Activités: Conférences

INTERVENTION DU SECRÉTAIRE GÉNÉRAL DU COPPEM, CARMELO MOTTA, DURANT LA CONFÉRENCE “ISTANBUL, PONT DE LA CULTURE EURO-MÉDITERRANÉENNE



Je suis heureux de pouvoir intervenir à cette occasion sur un thème aussi important: “le rôle d'Istanbul dans la Culture Euro-méditerranéenne”.
Je remercie, au nom du COPPEM, le Ministre de la Culture et toutes les autorités turques présentes.
Je remercie également tous les représentants des institutions européennes et arabes pour leur participation.
C'est dans cette même Salle de l'Université Aydin que j'ai eu l'occasion, il y a environ un an, de discuter avec les étudiantes et les étudiants lors d'une intéressante Assemblée, où la foule se pressait, sur le rapport Turquie-Union Européenne.
Je veux réitérer aujourd'hui ce que j'ai soutenu à l'époque.
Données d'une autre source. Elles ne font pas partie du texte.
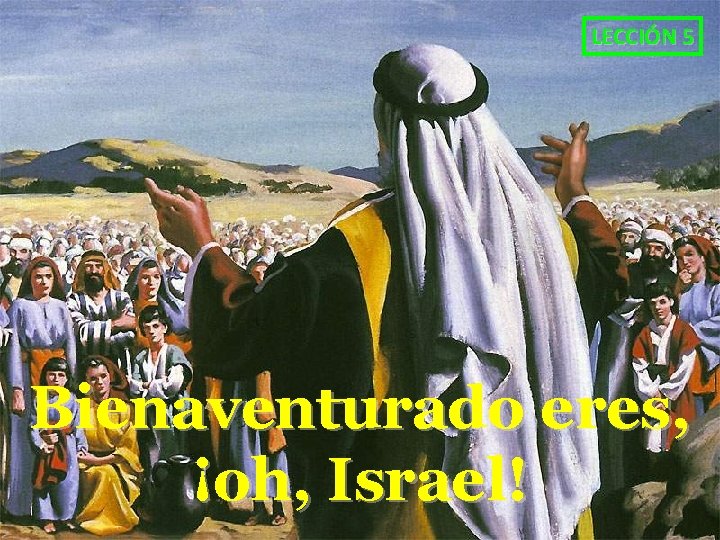 LECCIÓN 5 Bienaventurado eres, ¡oh, Israel! 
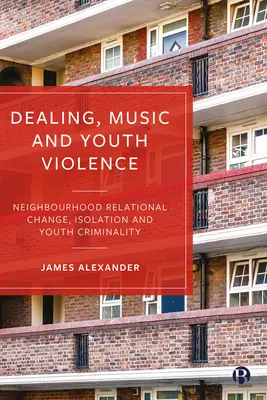 Dealing, muzyka i przemoc wśród młodzieży: Zmiana relacji w sąsiedztwie, izolacja i przestępczość wśród młodzieży - Dealing, Music and Youth Violence: Neighbourhood Relational Change, Isolation and Youth Criminality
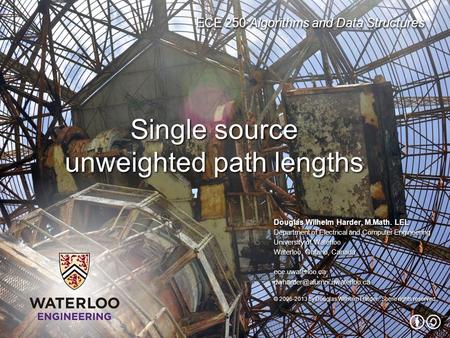 ECE 250 Algorithms and Data Structures Douglas Wilhelm Harder, M.Math. LEL Department of Electrical and Computer Engineering University of Waterloo Waterloo,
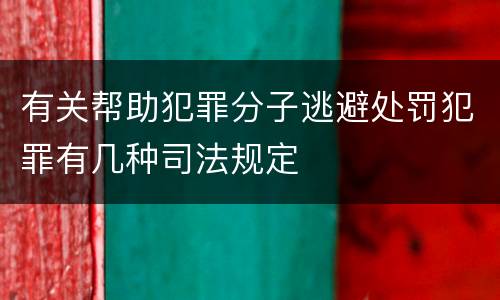 有关帮助犯罪分子逃避处罚犯罪有几种司法规定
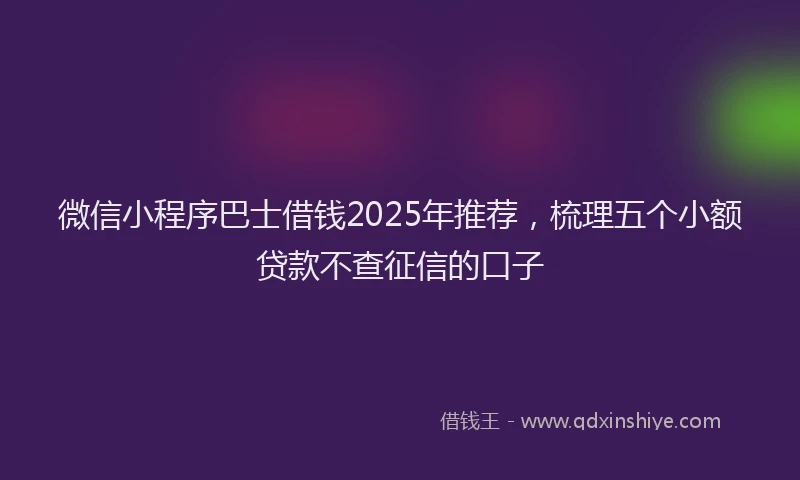微信小程序巴士借钱2025年推荐，梳理五个小额贷款不查征信的口子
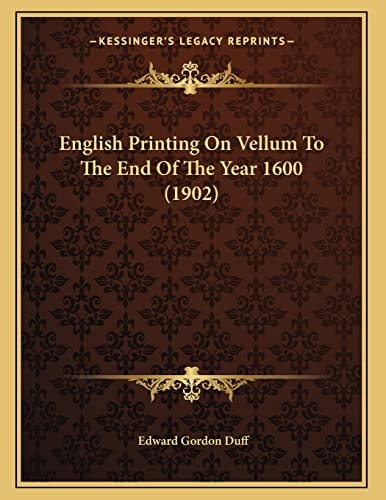 English Printing On Vellum To The End Of The Year 1600 (1902)
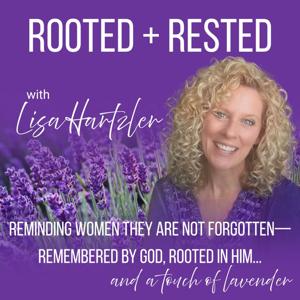 Rooted + Rested - Embracing Peace And Rest Through Faith And Self-Care...and a touch of Lavender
J'entends faire un raisonnement le plus clair possible et j'espère y arriver.
Depuis longtemps, et je dirais même au lendemain de la décision de l'Union Européenne, sous la Présidence de Romano Prodi, d'ouvrir le “dossier” de l'entrée de la Turquie dans l'Union Européenne, le COPPEM a pris une position nettement favorable.
Je voudrais aborder les questions qui me semblent les plus importantes.
Pour l'histoire des peuples euro-méditerranéens le processus d'unification européenne ne pourrait se conclure sans la Turquie.
La particularité de la Turquie, dont le territoire s'étend en Europe et en Asie et d'être un Pays musulman, n'est en aucun cas un frein mais constitue au contraire un enrichissement politico-social et culturel pour l'Union Européenne.
La Turquie est un grand Pays et elle est en train d'avancer de façon graduelle sur le plan démocratique et sur celui économique et social.
Elle a fait partie de l'OTAN et elle s'est mesurée et se mesure toujours avec de grands enjeux sur le plan international.
La théorie des examens qui ne finissent jamais pratiqués par certains Pays européens avec de plus en plus de difficulté, pour repousser l'entrée de la Turquie dans l'Union Européenne, est très fragile et doit être rapidement surmontée si nous considérons les grands problèmes internationaux dont le principal est la nécessité de mettre fin aux conflits en cours dans différentes zones du monde. Il faut se rendre compte que le rôle de la Turquie est, et sera toujours, de plus en plus important surtout dans les zones qui sont proches de nous: le Moyen-Orient.
La Conférence qui a lieu aujourd'hui dans cette salle à laquelle participent des intellectuels et des représentants politiques se veut une contribution, avant tout de la Culture, pour que ne cessent les processus positifs d'agrégation, mais qu'ils soient au contraire valorisés, car aujourd'hui, plus que jamais, ce sont les intérêts généraux qui doivent prendre le dessus.
Le message qui doit être transmis aux jeunes qui nous écoutent dans cette salle universitaire est celui qui donne de l'espoir en l'avenir: celui du dialogue et de la paix.